She felt like a trashy bohemian  poet, the kind of girl who would try to sleep with Kerouac and Ginsberg. She would fix herself black coffee, poured in a stained, chipped mug, and balance a blank notebook on her lap, a pen held delicately in her right hand, waiting for the words to come. As the bitter taste collected in fuzz on her tongue, she waited for the words.


They never would come.


Then she would become frusterated, angry, furious. She would lick her lips and tug on her earlobe, she would wring her bony fingers until her fingernails were white. She would stop her feet and talk to herself, trying desperately to birth some revelation on the human condition.
The only passion she felt came from the lack of life in her.

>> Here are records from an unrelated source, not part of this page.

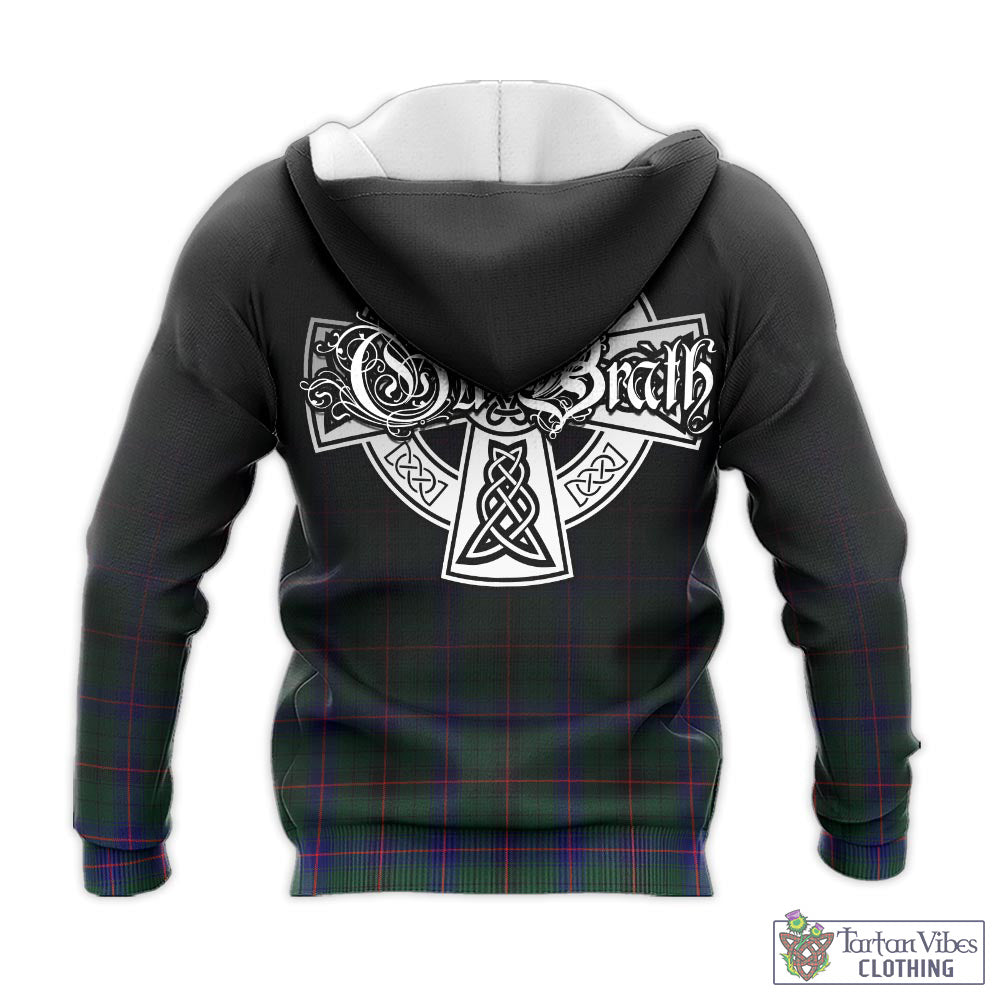 Tartan Vibes Clothing Davidson Modern Tartan Knitted Hoodie Featuring Alba Gu Brath Family Crest Celtic Inspired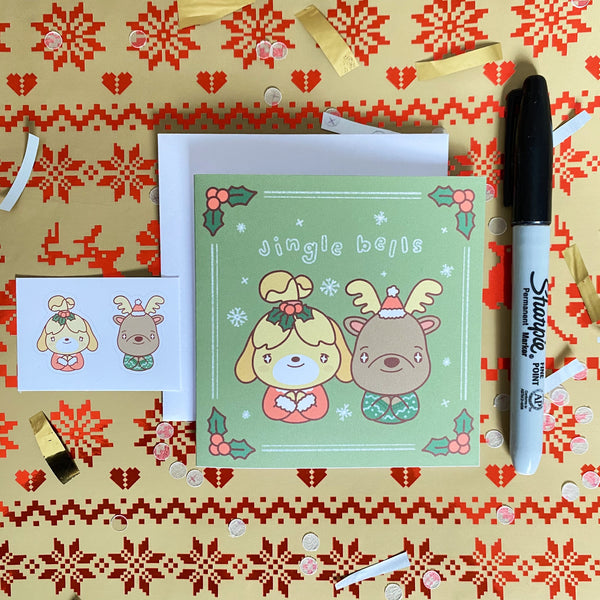animal crossing jingle x isabelle holiday card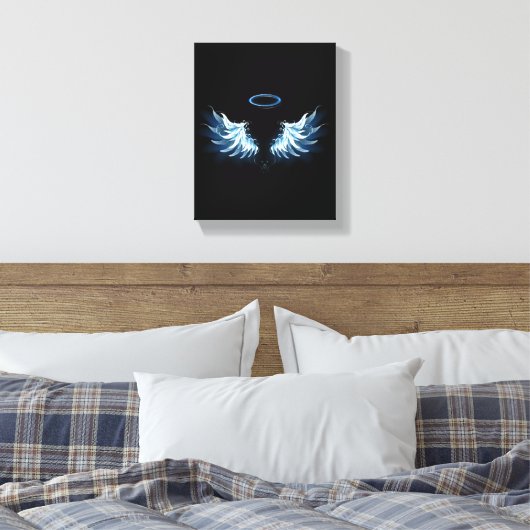 Blauwe Ggloed Angel Wings op zwarte achtergrond Canvas Afdruk (Insitu (Slaapkamer))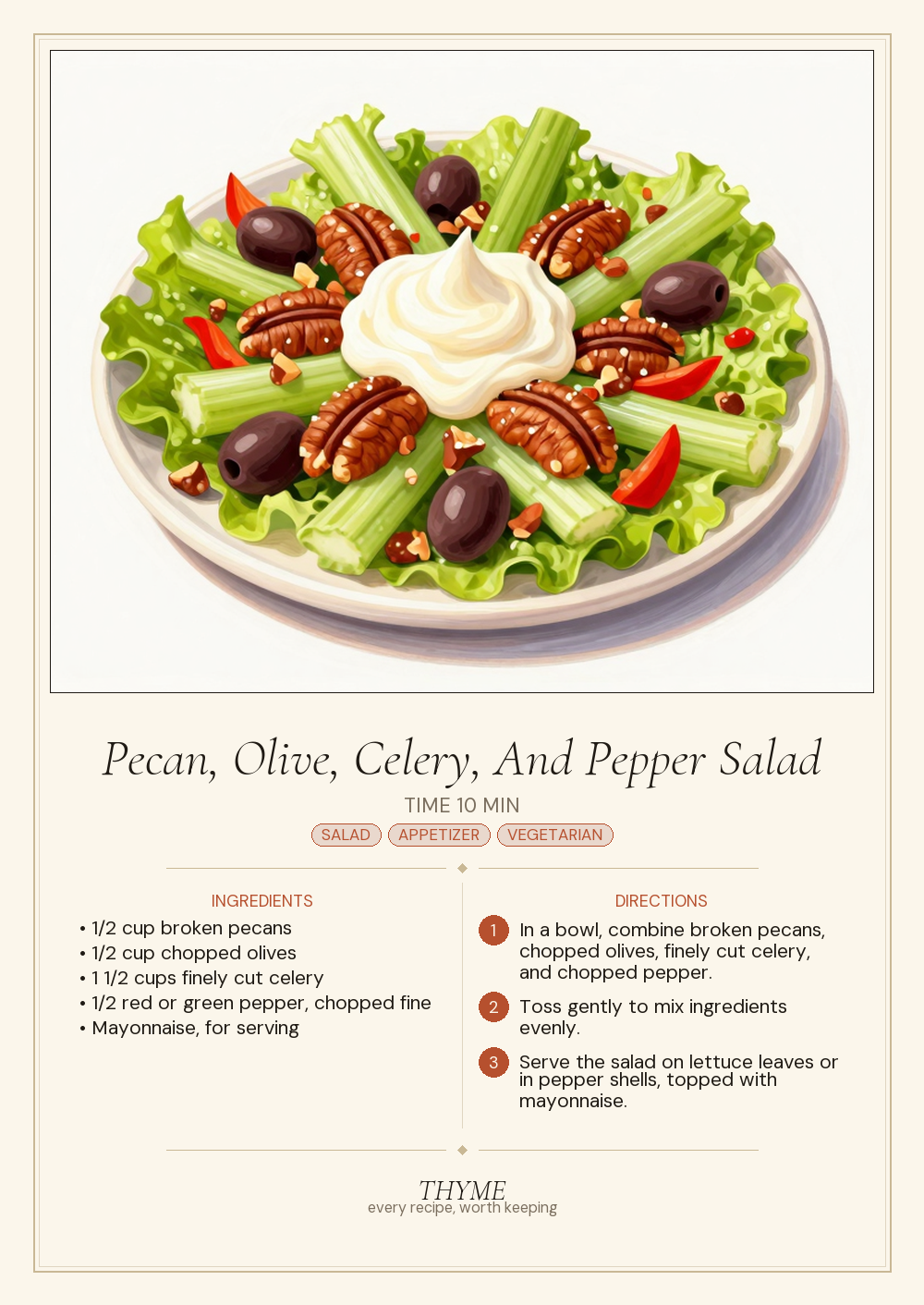Pecan, Olive, Celery, And Pepper Salad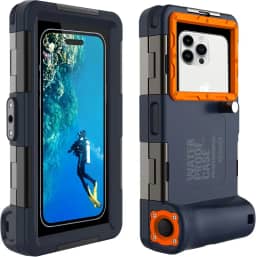 Capa profissional à prova d'água para mergulho com snorkel, capas protetoras de fotos e vídeos subaquáticos de 15 m/50 pés com cordão para iPhone 16/15/14/13/12Pro Max/XR/XS/X Samsung Galaxy S25/24/23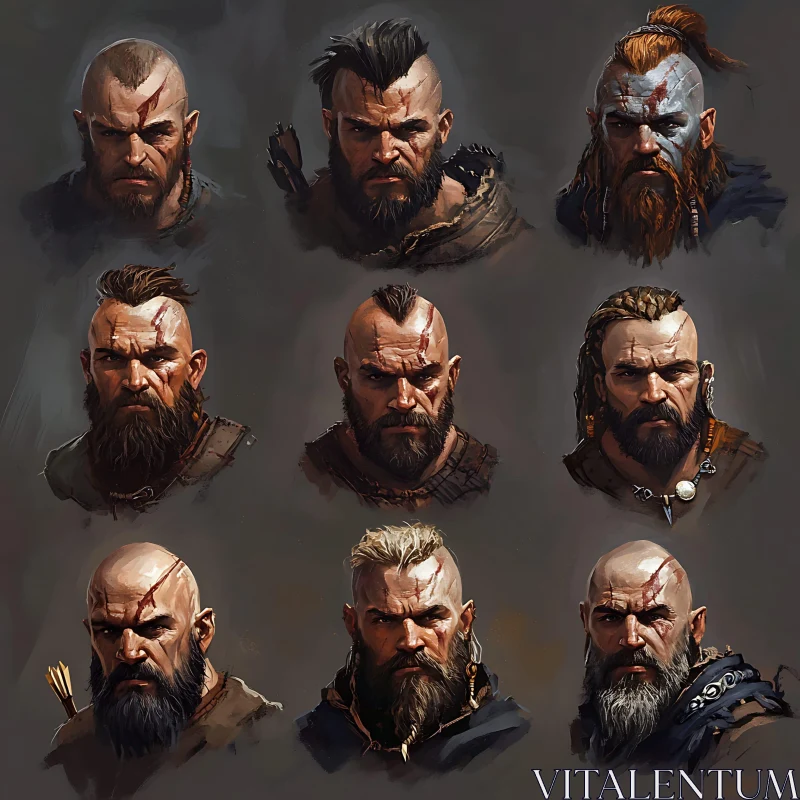 AI ART Array of Brave Warrior Portraits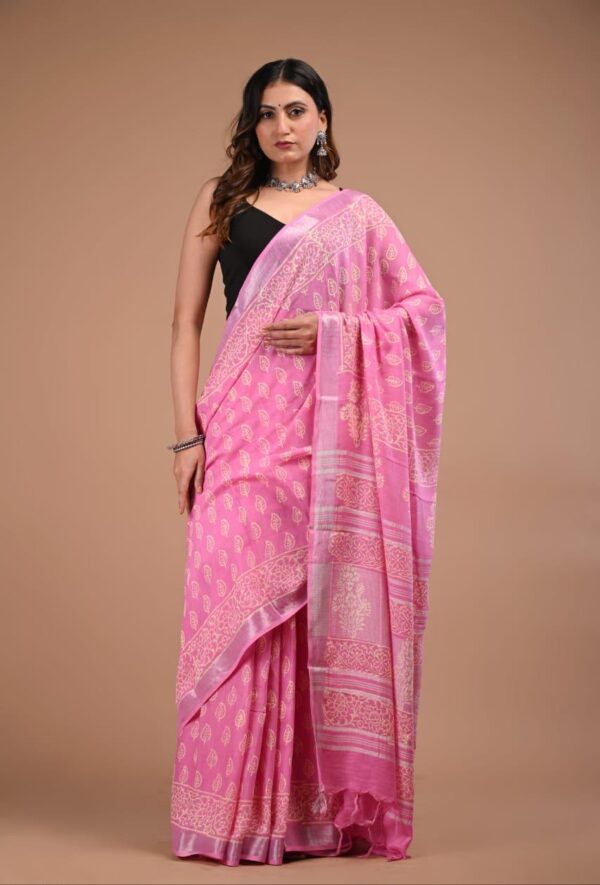 Hand Block Print Linen Cotton Saree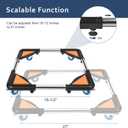 SPACECARE Mini Fridge Stand Mobile Roller, Adjustable Furniture Dolly with 4 Locking Wheels, Heavy Duty Washing Machine Base, Universal Appliance Pedestal for Dryer and Refrigerator- Black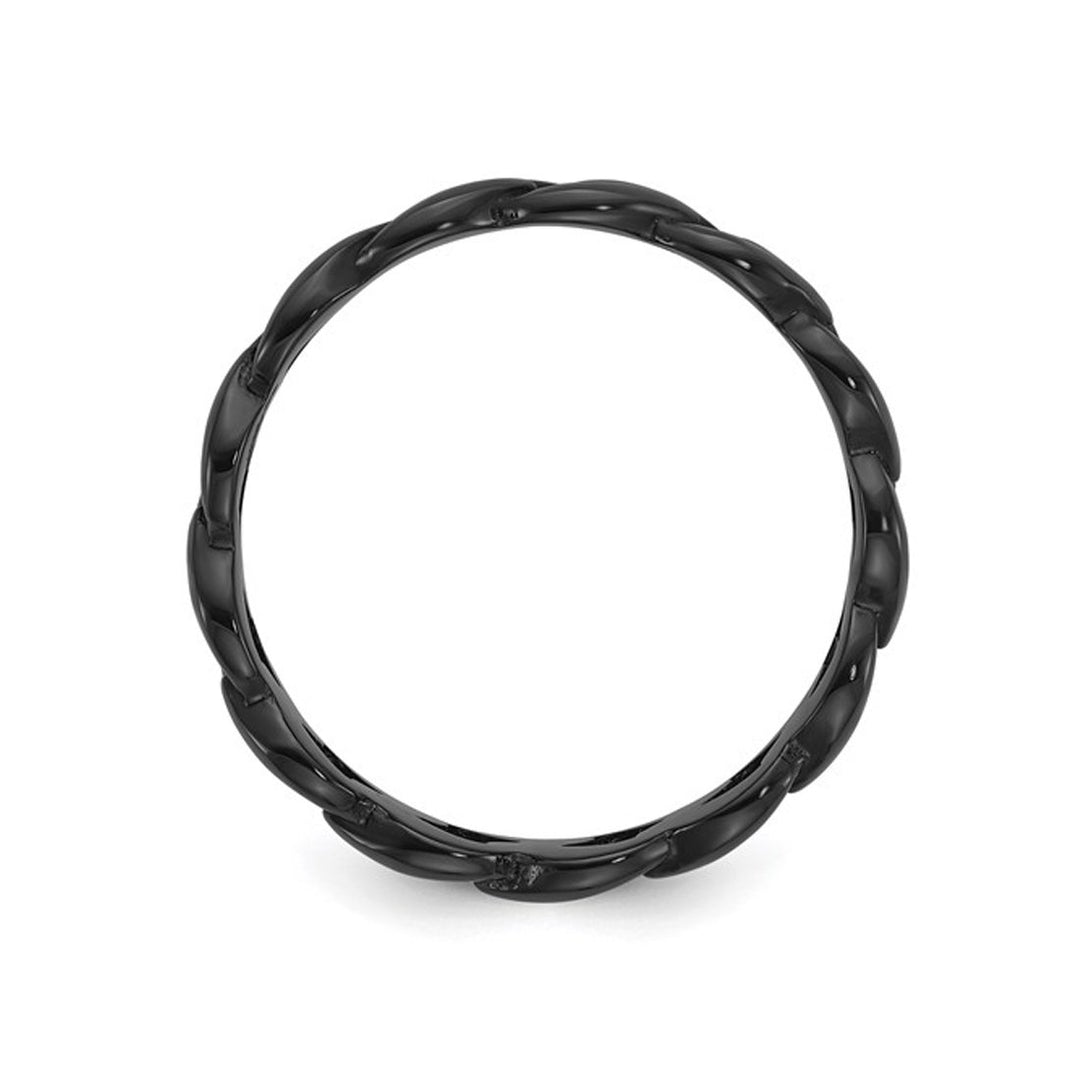 Mens Black Plated Stainless Steel 8mm Curb Link Band Image 4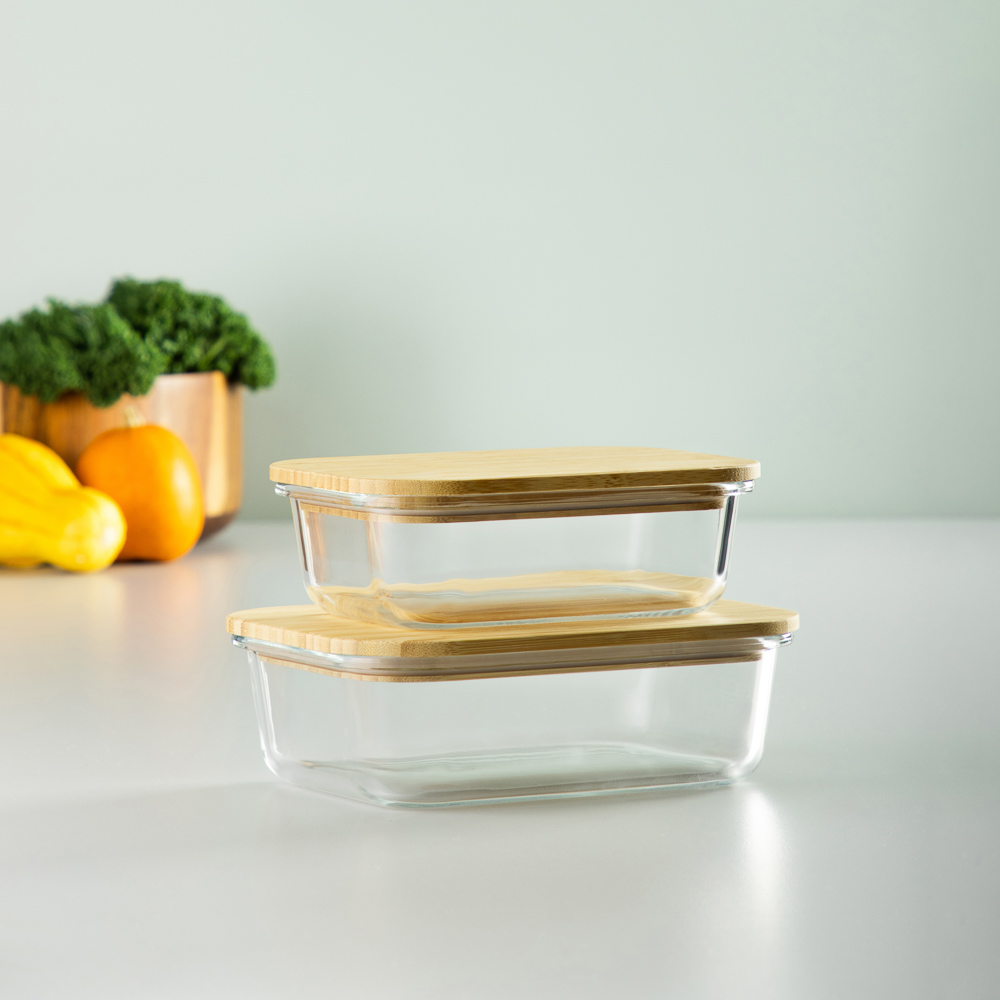 VETTA Контейнер для продуктов 1000мл, крышка бамбук, жаропрочное стекло, арт.№ 825-037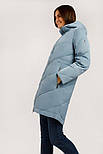 Подовжений жіночий стьобаний пуховик Finn Flare W19-32013-105 блакитний S, фото 3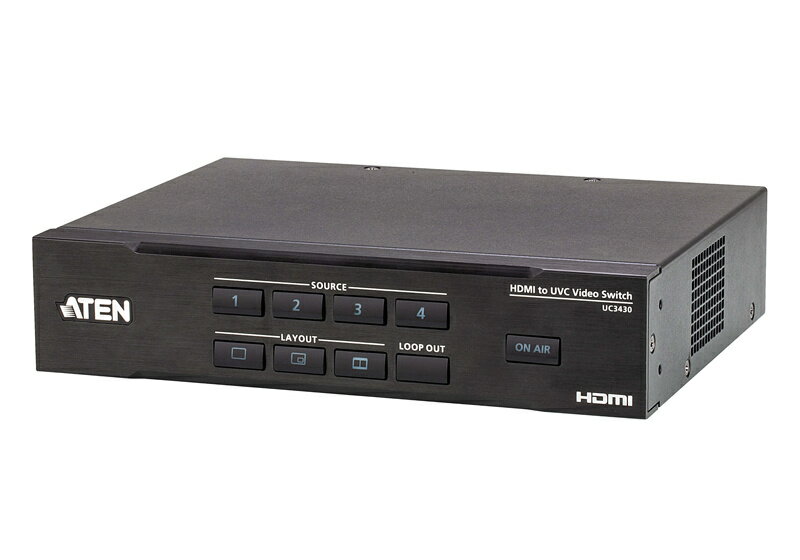 【送料無料】ATEN UC3430 クワッド 4K HDMI→USB-C UVC ビデオスイッチャー（AVミキサー機能搭載）【在庫目安:お取り寄せ】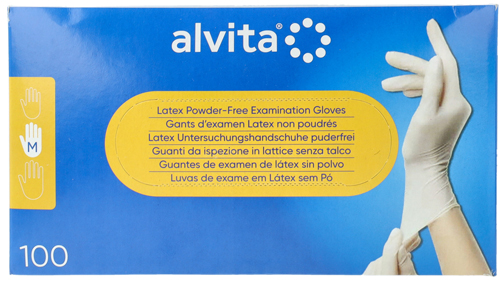 GUANTI DA ISPEZIONE ALVITA IN LATTICE SENZA TALCO M 100 PEZZI - Pharmaleader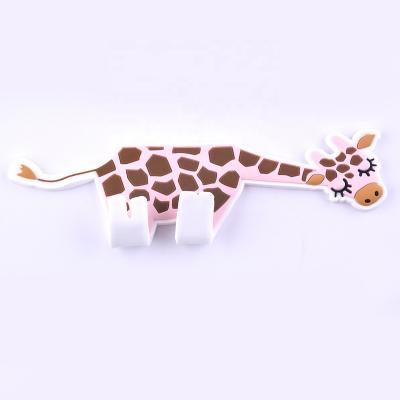 China Creative Lovely PVC Cartoon Fridge Magnet Hooks Home Sticker Multi Functional Animal Decoration Animal for sale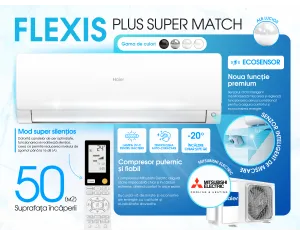 Conditioner HAIER FLEXIS Plus DC Inverter R32 Super Match AS50S2SF1FA-LW-1U50S2SM1FA (alb strălucitor)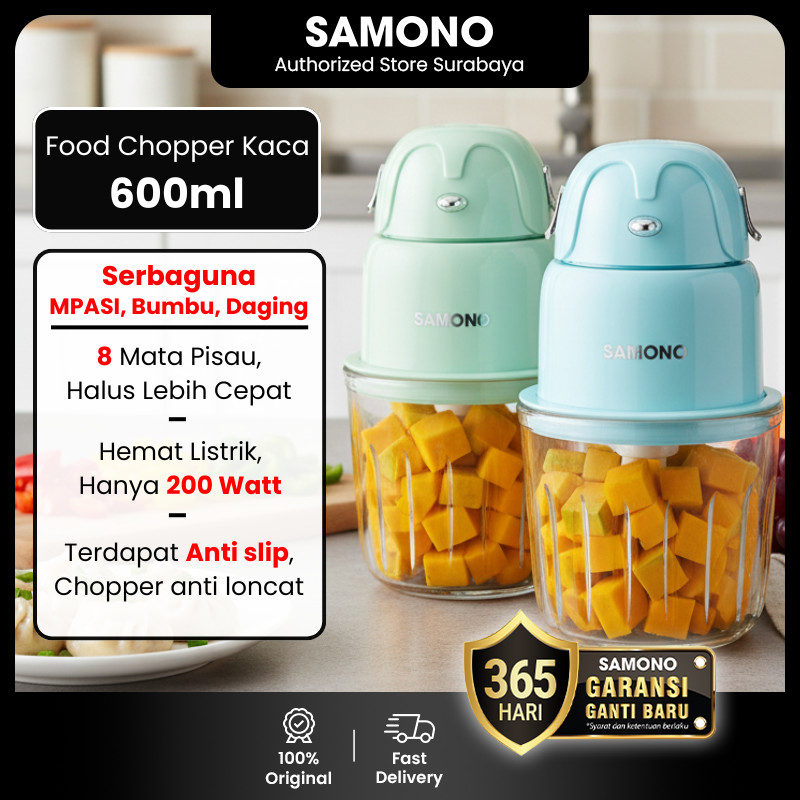 SAMONO Chopper 600ml Kaca Food Grade 200 Watt 8 Pisau SW-MFC600  Penggiling Penghalus Daging Bumbu M
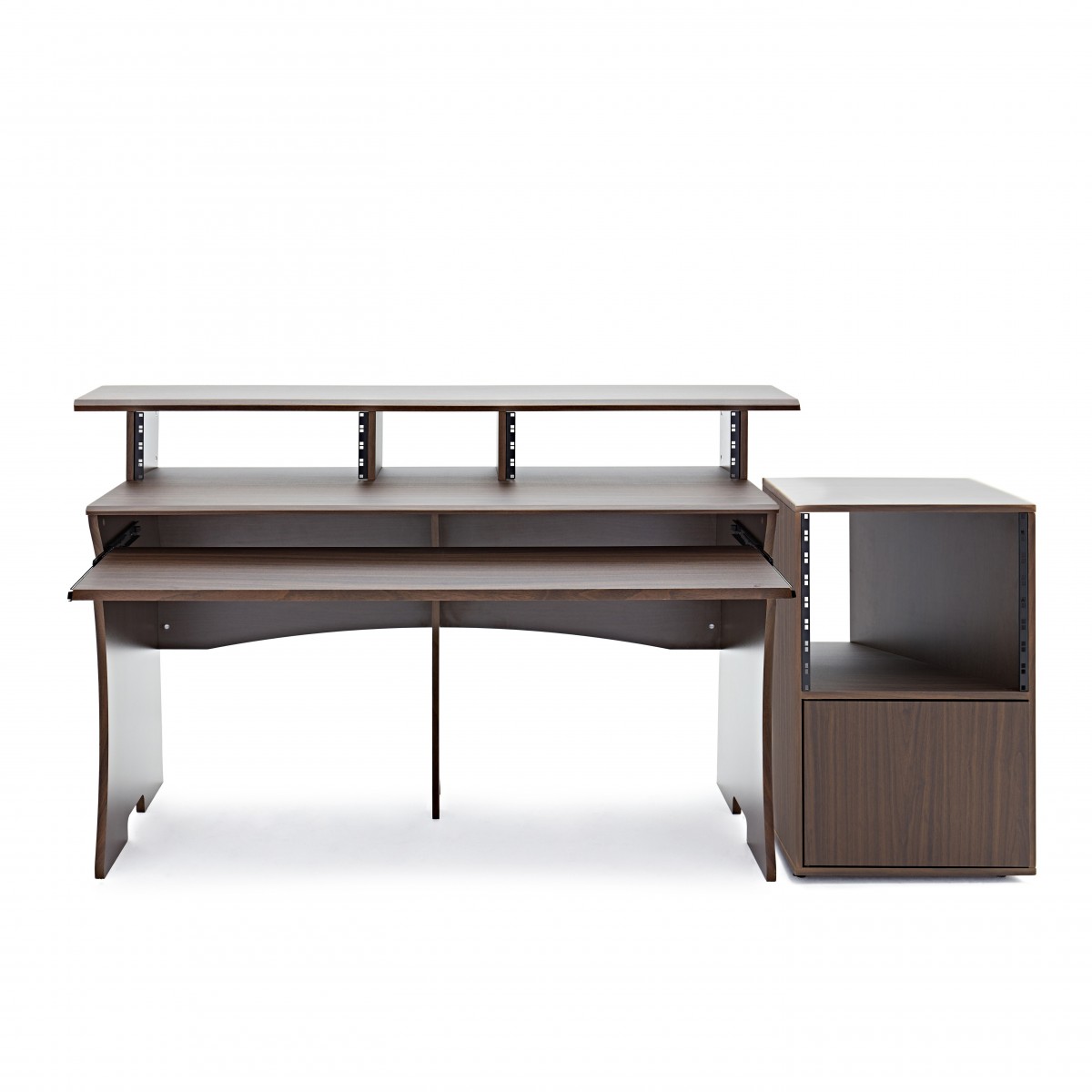 3-stufiges Pro-Audio-Studio-Pult + Rack-Schrank Walnuss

She wanted stories to come, she wanted words and thoughts and life to just spill out of her.  But as she neared the end of the cigarette, all she ever got was hacking, a cough that echoed her mother's last sounds. A cough that haunted her, that made her crush the ash onto her notebook, burning a hole in it.  She would down the little coffee that was left, and be jittery when she stood.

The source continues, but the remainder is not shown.